The Gruffalo’s reaction is very human, it is an effect of attribution bias: we tend to infer causal chains too easily.

As a species it is a fairly good evolutionary advantage. Gru drank from the pond and died from atrocious diarrhea, therefore the pond is doomed. Krek and Pruk ate a pig that was left there for too long and died, so pig is doomed. Victor crossed the street in front of the bus and was separated into several juicy limbs, therefore buses should be banned.

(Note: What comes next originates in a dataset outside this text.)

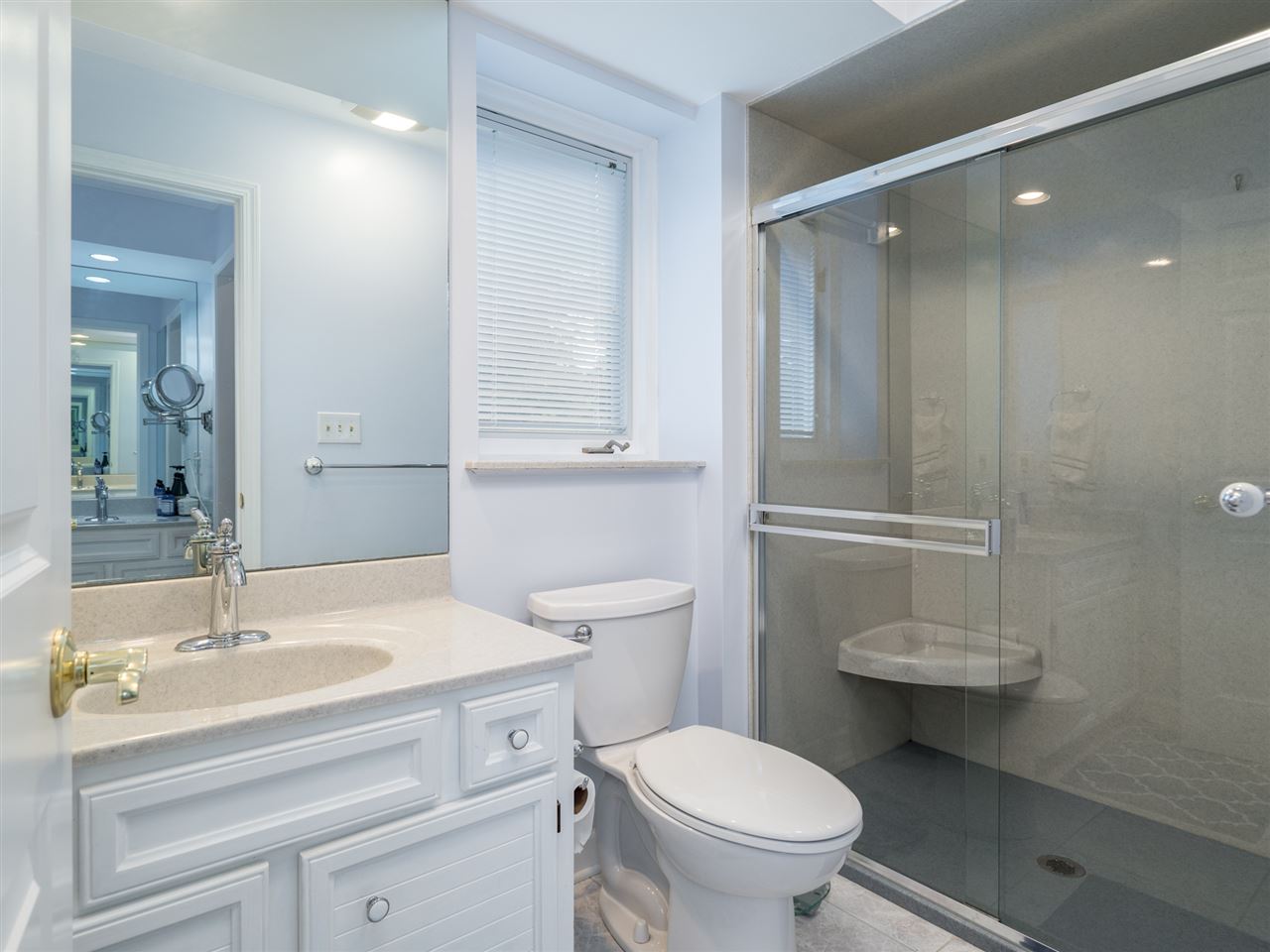 6789 Clovernook Road Rockford, IL 61107 - Photo 15 of 25 Gallery Image 15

The thing is, this is something that is hardwired in our brains, and as this, it’s hard to avoid unless you’re conscious of it. It has multiple effects, like confirmation bias (looking for things confirming your hypothesis rather than analyzing stuff objectively), but the one interesting me today is positivity / negativity effect: depending on our appreciation of the subject, we tend to reduce / augment the role that the situation played in the outcome.

It is something very useful to cope with our daily lives events without becoming suicidal or depressive. If you get a bad grade, it’s the fault of the test or the teacher. If you don’t get the promotion, it’s that idiotic boss. If you get it, it’s only well deserved. If this moronic guy from accounting does not say hi when crossing you, it’s because he has no manner (when it could certainly be that he’s stressed or late). If you deliver something on time, it’s mainly because you’re good.

That thing is affecting our judgement about everything

If a company is doing well, it’s because its CEO is very smart, certainly not because the whole company is actually good. Or if we don’t like the CEO, it’s because the context is very good and the team is doing everything. If the company does not do well and we like the CEO, then it’s probably because the other executives or the operational team are bad. If the product works on the market, that’s because the product is so good. Or if you work in sales, because sales effort is so efficient. Or if you work in marketing, because that whole endeavor is so well advertised.

And same goes with politics. If {insert country name}’s market is so bad, is it because {current party in power} are horrible, or because the market has been so bad at worldwide scale lately? Ask any partisan of both power and opposition and try to guess their answer.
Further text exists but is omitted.